Canadians have historically had a hard time squaring the consumer price index with the sense that prices everywhere are inexorably on the rise. But in a sense, that’s why the index is so important.
Of all the economic indicators out there, the CPI is probably the single most pervasive of them all. It not only tracks how much we are paying for goods and services, it influences everything from pensions to tax brackets, from interest rates to wages.
'We are fighting against a moving target. We always have to be adapting.' - Richard Evans, Statistics Canada's CPI program
On a seasonally adjusted, month-to-month basis, prices actually fell 0.2 per cent. That said, core inflation which excludes the most volatile components, most notably gasoline, rose 2.2 per cent.
Those numbers may seem counter-intuitive to many consumers.
The CPI has been compiled in some form or another since 1914. Today, the process of gathering prices and comparing them to historical trends is enormously complex.
"The thing just won't stand still, keeps moving, purchasing patterns change, the products people buy change," says Richard Evans, director of the CPI program at Statistics Canada. "The characteristics of the products change. We are fighting against a moving target. We always have to be adapting."
Top-secret price collection
To fight that moving target, Statistics Canada has a team of 100 "interviewers" across the country, people like Vida Adams, whose full-time job is tracking prices.
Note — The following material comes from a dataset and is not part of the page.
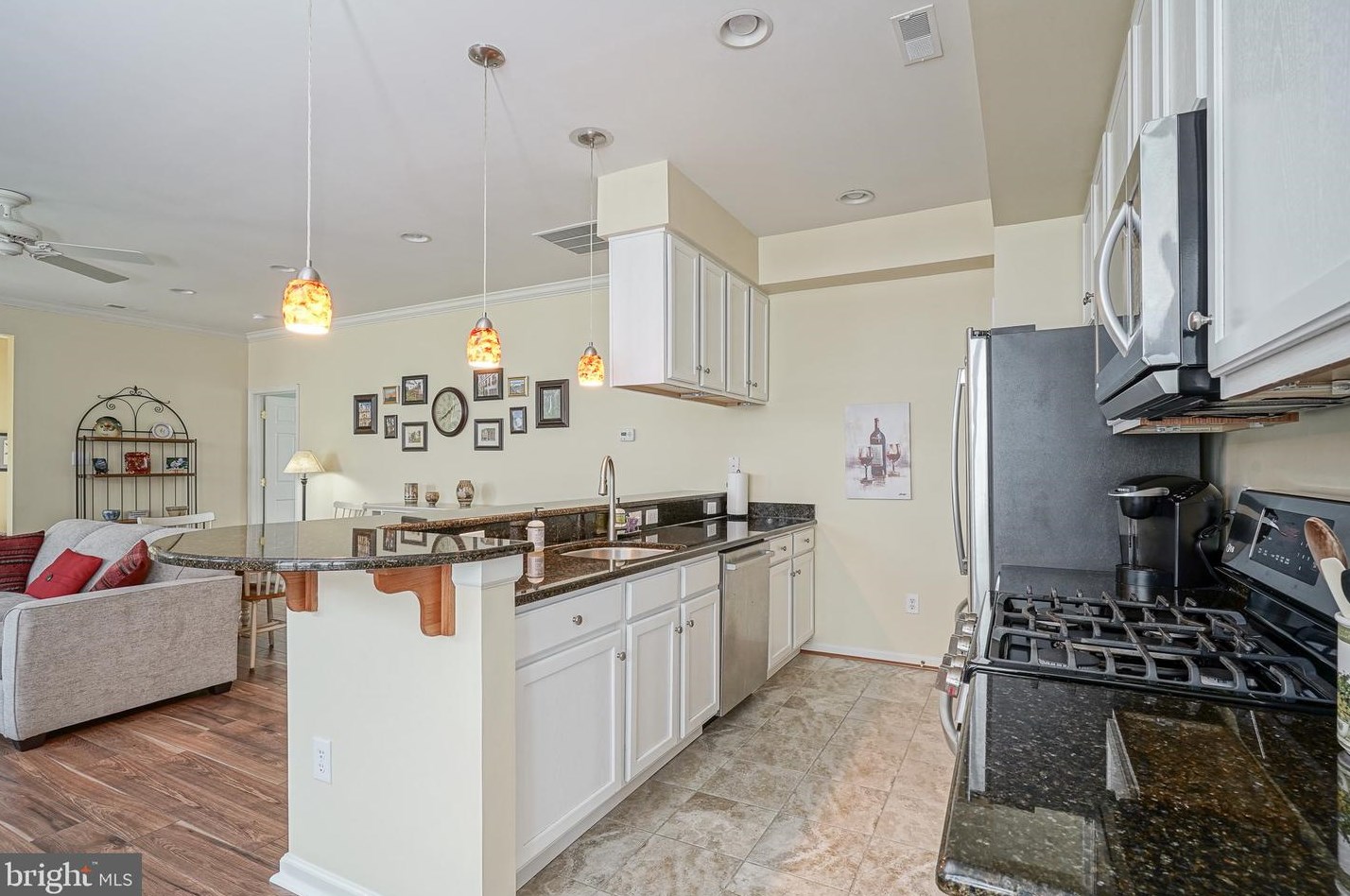 22 Wyndham Way, Pilesgrove NJ  08098-2545 exterior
We asked if we could tag along with Adams as she checked the prices, but the federal agency refused. The data collection, the agency said, is top secret; if the public knew where she was gathering her prices, well, they could anticipate what the CPI would be. So, we met her halfway, and brought Adams a bunch of household goods and asked her to show us how it's done.
We all feel like prices are rising faster than Statistics Canada says they are. It's Adams's job to look past emotion and figure out what actual prices of individual items are doing day to day and month to month.
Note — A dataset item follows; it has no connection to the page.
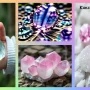 Kunzite Crystal Benefits: Powerful Emotional Healing and Spiritual Growth with Pink to Violet Color Change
She finds the same brand of the same product, in the same store, at the same time, every month. Checking to see: Is product offered a little smaller, a little bigger? Is it any more or less expensive?"On average, we do about 220 items every month, literally going up and down each aisle," says Adams, a sprightly woman based in Toronto.
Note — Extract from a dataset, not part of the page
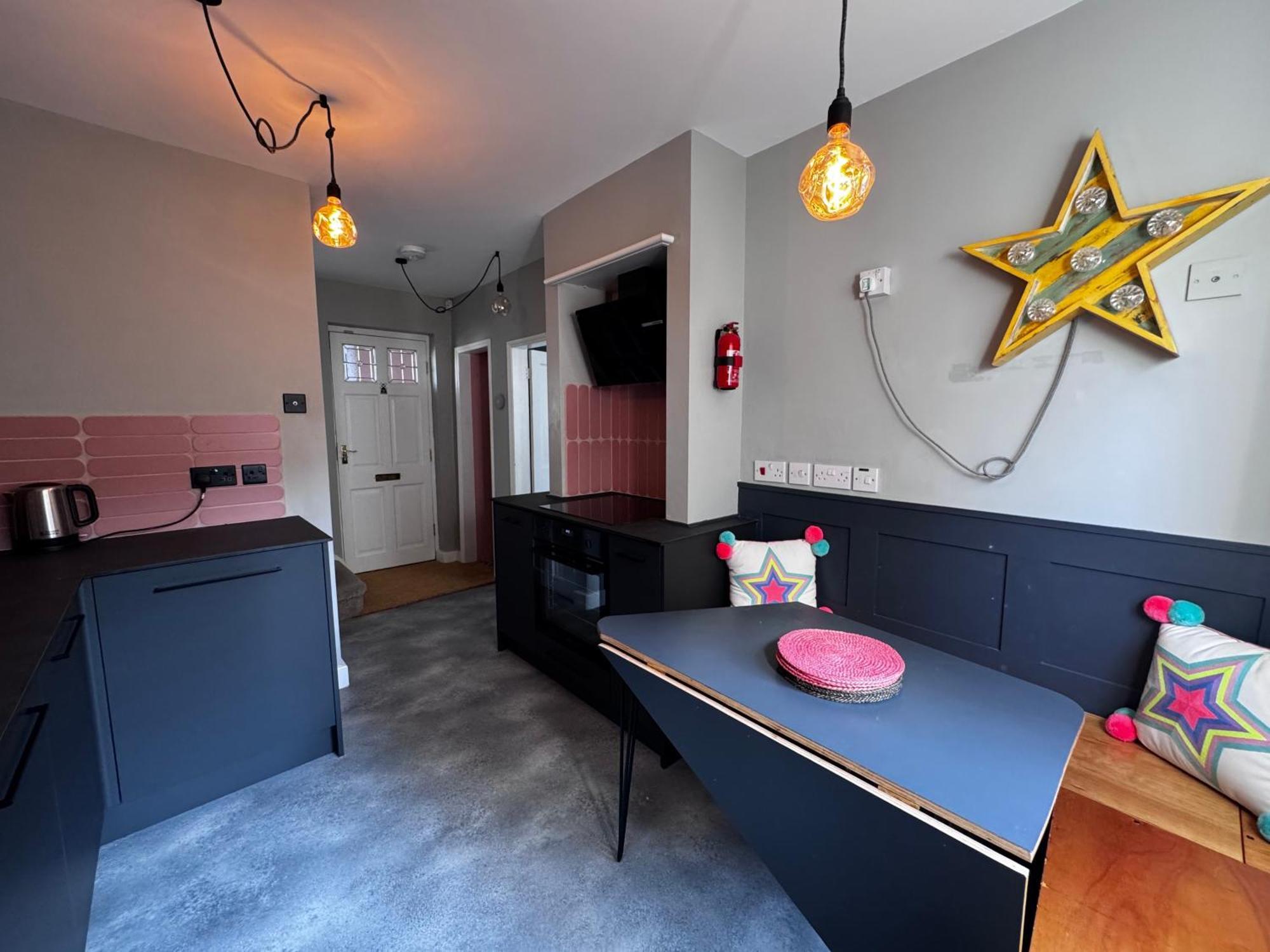 Host & Stay - Princes Cottage NWI Eksteriør bilde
And it really is a moving target — paper towels may be cheaper, but the package is slightly smaller. That gets marked down.
"Our interviewers have to think about that all the time. Because it was chips, then it was cookies and now it's almost everything has changed sizes," Adams says. "The latest, one of our interviewers pointed out, is teabags. It's still 72 bags, but the number of grams have changed. We have to be very careful to record that."
It's not just groceries, Adams checks the prices on clothing, auto parts and even funerals.
It never stops
Day after day, month after month, she tracks the restless movement in prices, sizes and packaging. After years at this, Adams admits, she has become a pretty wily consumer herself.
"People always ask questions about where they can find something. I usually say, 'I'm with Statistics Canada, I don't work here ... but Aisle 2,'" she says with a smile.
'Some of the bigger items that have a big weight because you're spending a lot of money on them, even if it's not that often, if they're declining in price, that can offset a smaller but consistent increase in gasoline that you're buying on a regular basis.' - Benjamin Reitzes, BMO senior economist
All told, Adams and 99 others compile about 85,000 prices each month. The data are shipped back to a central server in Ottawa. The numbers are crunched by a computer, then poured over by statisticians.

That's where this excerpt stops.